Хотя есть здесь вещи… странные, для Гончаровой, как кажется, слишком вялые. Созданные уже во Франции, сладостные по-васнецовски, почти слащавые две «кумушки»-испанки, обнаженная тоже с каким-то неловким балансированием между примитивом и салоном да сделанный в том же духе «Завтрак» – может, высмеивающий картины Мане и Моне?..
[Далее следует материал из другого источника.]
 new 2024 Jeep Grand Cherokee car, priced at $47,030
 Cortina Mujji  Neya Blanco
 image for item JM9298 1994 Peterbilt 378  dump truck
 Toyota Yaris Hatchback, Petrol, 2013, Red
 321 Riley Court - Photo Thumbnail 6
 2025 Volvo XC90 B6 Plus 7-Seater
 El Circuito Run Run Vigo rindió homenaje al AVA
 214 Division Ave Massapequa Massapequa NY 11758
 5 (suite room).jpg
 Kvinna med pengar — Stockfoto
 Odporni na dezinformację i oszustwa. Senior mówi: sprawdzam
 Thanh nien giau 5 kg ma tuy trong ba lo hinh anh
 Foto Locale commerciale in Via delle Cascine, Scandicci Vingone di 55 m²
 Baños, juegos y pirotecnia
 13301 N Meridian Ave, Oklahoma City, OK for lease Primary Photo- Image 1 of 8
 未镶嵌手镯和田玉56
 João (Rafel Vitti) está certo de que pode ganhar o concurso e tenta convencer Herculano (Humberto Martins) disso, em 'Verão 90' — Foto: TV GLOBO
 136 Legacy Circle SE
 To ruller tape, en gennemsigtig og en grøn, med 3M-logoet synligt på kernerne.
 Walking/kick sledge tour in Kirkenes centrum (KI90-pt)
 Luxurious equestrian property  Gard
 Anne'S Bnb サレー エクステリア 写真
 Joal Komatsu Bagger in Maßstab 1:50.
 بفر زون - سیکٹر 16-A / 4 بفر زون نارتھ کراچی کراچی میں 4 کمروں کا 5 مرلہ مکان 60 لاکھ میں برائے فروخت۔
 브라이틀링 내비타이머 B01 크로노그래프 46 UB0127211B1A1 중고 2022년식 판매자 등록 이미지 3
А еще нынешнюю ретроспективу можно считать ответом Третьяковской галереи в длительных спорах о наследии Гончаровой. После выхода в 2010 и 2011 годах книг Энтони Партона и Дениз Базету о художнице российская сторона была встревожена попаданием в эти монографии произведений, чья подлинность вызывала у нее опасения. По словам Ирины Вакар, Третьяковская галерея получила письмо от адвоката мадам Базету о том, «что, если мы будем понижать репутацию его клиента, получим судебный иск. Но нам совершенно неинтересно заниматься репутацией мадам Базету, мы хотим защитить репутацию Гончаровой. И Ирина Лебедева сказала, что наш ответ – наша выставка. Для нас эта история уже закончилась». Впрочем, на нынешней ретроспективной выставке есть не только музейные, но и вещи из частных собраний – в их провенансе музей абсолютно уверен.
Что до самой Натальи Гончаровой, теперешняя выставка, как лоскут, сшитая из ярких, разнородных картин, когда колорит мог стать главным героем работы, – все это еще и о витальной силе авангарда. О «беспричинной постоянной радости жизни», как писала сама художница.